Your task:
For the entries that follow, retype exactly the lines from the one containing "Wer solche Taten" to the one containing "2019 Subaru Outback 2.5i 5GEN", inclusive, and only those. Images stay out of the copy.

Material provided:
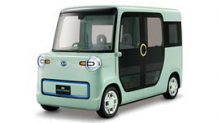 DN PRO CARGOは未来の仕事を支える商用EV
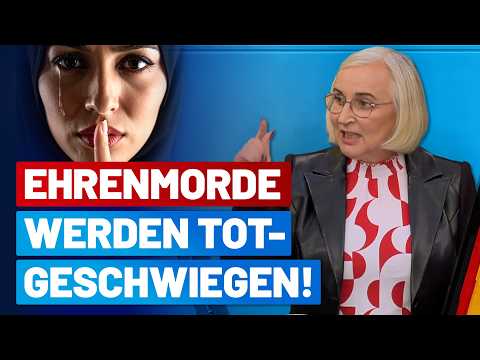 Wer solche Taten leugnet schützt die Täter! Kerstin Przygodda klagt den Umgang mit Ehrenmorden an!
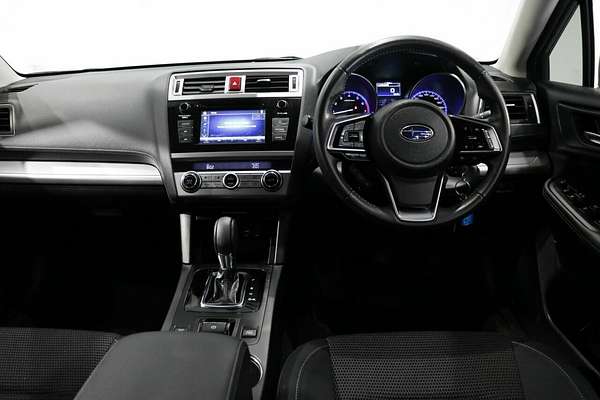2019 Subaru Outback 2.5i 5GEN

==

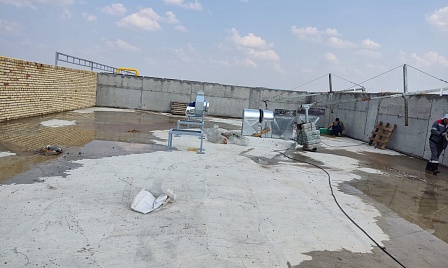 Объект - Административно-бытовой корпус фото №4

Completed task:
 Wer solche Taten leugnet schützt die Täter! Kerstin Przygodda klagt den Umgang mit Ehrenmorden an!
2019 Subaru Outback 2.5i 5GEN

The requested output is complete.